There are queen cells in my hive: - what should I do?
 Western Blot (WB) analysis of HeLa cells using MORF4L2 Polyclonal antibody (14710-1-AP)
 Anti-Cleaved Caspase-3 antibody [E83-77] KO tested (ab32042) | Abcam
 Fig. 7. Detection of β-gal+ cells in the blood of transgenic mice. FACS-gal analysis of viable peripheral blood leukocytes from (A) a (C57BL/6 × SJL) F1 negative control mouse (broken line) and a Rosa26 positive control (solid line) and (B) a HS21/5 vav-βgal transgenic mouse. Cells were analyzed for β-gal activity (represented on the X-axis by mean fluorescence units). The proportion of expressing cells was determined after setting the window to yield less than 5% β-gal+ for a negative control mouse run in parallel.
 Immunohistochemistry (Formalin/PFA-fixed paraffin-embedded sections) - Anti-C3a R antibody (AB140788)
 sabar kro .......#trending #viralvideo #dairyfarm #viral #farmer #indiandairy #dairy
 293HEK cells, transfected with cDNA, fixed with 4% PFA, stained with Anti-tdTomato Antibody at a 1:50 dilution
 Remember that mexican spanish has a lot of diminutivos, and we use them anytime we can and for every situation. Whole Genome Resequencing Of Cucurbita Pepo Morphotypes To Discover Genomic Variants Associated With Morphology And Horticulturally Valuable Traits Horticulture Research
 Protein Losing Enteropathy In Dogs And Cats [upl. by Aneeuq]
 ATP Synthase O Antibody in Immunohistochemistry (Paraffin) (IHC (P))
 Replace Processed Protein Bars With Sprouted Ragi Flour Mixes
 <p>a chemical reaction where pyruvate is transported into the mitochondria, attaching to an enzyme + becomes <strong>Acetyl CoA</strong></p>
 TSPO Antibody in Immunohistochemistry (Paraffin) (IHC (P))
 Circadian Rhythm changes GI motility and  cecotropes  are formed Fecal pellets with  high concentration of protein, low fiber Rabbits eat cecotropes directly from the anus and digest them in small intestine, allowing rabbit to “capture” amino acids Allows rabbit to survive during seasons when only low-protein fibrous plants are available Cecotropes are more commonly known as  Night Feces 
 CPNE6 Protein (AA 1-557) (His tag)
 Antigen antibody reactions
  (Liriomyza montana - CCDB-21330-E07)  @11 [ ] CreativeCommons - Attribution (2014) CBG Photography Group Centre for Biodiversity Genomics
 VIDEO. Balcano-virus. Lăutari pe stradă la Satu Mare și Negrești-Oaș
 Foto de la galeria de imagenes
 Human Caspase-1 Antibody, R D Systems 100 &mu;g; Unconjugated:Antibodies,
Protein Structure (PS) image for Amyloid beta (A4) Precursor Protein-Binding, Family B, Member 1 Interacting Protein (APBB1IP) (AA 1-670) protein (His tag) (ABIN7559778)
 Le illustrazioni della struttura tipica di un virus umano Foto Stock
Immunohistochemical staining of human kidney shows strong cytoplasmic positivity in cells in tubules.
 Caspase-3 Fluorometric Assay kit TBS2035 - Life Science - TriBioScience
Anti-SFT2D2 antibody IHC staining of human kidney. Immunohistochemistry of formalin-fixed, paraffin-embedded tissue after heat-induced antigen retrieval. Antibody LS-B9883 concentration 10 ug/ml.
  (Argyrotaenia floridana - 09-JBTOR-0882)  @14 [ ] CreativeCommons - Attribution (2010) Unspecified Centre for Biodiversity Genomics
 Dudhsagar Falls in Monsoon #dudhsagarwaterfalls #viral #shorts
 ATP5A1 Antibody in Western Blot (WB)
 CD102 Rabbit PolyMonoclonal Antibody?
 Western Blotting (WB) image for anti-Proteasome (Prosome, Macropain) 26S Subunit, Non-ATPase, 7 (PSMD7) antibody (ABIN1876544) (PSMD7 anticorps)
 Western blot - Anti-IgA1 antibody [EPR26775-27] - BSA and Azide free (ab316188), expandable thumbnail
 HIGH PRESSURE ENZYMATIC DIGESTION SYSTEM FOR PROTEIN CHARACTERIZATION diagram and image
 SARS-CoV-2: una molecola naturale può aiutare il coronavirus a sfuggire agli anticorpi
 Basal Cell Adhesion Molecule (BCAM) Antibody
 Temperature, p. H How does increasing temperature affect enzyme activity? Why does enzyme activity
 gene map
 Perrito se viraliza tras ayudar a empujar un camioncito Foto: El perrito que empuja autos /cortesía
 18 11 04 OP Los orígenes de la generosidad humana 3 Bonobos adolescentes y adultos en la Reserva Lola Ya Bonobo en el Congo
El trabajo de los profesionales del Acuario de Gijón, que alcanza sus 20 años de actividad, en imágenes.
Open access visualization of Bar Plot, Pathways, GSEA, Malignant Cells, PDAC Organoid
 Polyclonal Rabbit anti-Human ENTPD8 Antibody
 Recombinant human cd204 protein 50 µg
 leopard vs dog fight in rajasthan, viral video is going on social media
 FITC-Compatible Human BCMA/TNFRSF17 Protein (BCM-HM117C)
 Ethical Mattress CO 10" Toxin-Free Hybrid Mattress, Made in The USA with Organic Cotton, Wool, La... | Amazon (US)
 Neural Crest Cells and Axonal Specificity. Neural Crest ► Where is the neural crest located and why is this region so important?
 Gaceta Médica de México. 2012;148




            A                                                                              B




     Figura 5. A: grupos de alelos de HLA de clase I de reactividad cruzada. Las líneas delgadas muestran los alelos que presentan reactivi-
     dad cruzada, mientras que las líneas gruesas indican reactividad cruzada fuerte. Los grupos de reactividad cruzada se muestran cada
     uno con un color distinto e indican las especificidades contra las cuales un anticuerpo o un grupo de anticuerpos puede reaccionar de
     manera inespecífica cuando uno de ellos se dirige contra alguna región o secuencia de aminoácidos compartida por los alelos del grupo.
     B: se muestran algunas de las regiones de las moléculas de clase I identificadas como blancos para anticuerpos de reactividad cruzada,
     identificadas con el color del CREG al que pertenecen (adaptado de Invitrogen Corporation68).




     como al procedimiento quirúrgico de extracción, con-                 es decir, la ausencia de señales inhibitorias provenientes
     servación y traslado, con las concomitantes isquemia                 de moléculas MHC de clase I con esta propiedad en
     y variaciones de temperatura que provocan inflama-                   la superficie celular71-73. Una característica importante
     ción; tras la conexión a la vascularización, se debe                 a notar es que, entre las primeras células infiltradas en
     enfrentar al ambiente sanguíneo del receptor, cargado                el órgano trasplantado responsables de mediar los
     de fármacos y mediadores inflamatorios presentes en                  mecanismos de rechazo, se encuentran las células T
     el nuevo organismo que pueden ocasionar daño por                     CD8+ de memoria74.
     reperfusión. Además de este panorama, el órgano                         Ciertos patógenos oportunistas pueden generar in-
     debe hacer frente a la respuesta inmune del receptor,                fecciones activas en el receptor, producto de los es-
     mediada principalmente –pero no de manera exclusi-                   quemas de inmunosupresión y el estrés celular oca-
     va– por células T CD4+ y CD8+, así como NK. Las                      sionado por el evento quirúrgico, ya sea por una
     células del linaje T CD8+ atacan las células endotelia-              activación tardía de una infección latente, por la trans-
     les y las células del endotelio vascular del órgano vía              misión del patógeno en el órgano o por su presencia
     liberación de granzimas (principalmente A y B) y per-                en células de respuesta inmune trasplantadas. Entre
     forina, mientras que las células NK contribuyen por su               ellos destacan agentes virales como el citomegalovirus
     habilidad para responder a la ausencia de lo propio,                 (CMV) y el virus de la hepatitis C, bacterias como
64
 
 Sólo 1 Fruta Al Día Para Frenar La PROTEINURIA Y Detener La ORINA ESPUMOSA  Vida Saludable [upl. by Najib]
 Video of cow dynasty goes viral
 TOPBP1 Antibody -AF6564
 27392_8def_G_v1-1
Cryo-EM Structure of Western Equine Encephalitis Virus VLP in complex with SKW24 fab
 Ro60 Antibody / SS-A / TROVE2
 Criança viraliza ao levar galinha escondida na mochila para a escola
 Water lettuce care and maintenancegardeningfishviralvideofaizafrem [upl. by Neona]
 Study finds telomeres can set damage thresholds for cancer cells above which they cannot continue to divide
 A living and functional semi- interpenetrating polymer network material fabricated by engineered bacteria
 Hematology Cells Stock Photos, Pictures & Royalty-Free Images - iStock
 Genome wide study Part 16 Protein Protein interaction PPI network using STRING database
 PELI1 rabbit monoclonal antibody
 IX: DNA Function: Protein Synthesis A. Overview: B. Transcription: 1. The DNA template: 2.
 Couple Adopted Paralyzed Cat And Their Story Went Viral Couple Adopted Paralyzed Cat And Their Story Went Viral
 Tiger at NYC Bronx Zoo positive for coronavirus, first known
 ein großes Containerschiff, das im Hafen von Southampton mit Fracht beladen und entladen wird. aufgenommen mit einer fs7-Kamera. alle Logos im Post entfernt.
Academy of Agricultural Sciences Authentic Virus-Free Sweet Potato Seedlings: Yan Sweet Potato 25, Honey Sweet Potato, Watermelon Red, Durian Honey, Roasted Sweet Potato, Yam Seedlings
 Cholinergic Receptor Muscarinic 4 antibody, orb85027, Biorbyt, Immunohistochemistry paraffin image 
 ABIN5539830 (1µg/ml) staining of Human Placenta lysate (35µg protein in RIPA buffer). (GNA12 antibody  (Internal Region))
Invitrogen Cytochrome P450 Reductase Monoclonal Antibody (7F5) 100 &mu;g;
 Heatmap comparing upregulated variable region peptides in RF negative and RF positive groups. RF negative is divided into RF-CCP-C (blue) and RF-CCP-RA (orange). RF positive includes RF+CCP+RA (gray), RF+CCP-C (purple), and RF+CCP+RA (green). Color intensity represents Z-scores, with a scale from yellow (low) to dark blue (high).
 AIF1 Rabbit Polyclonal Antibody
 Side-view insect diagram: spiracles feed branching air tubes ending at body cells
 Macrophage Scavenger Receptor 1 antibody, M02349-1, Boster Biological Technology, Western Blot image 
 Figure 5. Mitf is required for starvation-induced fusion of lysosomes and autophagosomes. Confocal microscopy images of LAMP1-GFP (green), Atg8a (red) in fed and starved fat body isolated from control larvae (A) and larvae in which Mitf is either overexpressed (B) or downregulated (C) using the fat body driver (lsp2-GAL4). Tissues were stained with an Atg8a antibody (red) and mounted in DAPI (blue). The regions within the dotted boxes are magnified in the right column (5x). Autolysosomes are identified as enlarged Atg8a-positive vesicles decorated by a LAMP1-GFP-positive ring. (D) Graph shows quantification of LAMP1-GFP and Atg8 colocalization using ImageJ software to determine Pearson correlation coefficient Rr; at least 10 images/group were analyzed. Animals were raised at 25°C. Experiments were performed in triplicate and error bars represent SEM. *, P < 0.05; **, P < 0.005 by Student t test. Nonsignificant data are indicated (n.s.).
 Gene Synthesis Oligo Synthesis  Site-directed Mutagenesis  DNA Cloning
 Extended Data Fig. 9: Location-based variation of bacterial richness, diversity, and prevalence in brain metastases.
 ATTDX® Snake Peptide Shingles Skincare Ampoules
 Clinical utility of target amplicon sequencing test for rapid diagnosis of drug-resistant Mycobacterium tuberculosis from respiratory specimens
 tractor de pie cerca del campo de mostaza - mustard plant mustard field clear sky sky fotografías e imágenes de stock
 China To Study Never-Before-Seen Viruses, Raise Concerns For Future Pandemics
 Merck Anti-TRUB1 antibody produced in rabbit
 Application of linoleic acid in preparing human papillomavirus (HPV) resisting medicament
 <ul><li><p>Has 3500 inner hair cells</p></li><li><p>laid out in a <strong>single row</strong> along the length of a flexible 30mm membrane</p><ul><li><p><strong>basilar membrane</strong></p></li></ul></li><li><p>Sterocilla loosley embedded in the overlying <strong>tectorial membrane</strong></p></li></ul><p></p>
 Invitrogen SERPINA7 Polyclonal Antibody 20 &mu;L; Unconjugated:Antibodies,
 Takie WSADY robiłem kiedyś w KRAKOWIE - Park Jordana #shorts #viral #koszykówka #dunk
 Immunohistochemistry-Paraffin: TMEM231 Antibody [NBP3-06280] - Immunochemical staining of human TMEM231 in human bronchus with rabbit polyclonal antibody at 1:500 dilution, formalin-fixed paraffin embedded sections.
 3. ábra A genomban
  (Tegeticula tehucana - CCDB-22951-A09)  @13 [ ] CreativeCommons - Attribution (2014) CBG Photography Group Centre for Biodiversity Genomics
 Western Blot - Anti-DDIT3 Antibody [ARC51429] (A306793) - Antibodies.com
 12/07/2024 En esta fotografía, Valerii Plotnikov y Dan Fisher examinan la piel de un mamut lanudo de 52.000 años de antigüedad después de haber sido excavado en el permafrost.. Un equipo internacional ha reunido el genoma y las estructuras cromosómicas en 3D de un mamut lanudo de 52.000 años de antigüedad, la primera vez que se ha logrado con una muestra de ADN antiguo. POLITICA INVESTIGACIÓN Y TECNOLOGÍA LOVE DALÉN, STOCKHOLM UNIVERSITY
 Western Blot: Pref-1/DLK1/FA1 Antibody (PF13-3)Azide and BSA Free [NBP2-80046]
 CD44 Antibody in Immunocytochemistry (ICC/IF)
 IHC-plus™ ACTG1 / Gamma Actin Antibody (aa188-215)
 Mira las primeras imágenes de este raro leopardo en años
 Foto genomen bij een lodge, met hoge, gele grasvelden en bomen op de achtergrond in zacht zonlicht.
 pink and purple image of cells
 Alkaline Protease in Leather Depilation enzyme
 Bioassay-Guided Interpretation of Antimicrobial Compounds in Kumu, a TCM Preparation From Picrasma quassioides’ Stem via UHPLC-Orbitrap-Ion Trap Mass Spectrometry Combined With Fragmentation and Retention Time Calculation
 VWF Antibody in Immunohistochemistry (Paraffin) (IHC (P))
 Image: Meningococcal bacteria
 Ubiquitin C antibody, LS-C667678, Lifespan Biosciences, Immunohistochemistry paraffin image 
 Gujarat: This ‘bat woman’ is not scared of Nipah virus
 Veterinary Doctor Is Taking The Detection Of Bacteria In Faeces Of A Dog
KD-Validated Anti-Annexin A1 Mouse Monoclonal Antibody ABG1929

* Exercise requirements:
The lines sought are those in the data above that include the string "dilution"; copy each one.

* Final answer:
 293HEK cells, transfected with cDNA, fixed with 4% PFA, stained with Anti-tdTomato Antibody at a 1:50 dilution
 Immunohistochemistry-Paraffin: TMEM231 Antibody [NBP3-06280] - Immunochemical staining of human TMEM231 in human bronchus with rabbit polyclonal antibody at 1:500 dilution, formalin-fixed paraffin embedded sections.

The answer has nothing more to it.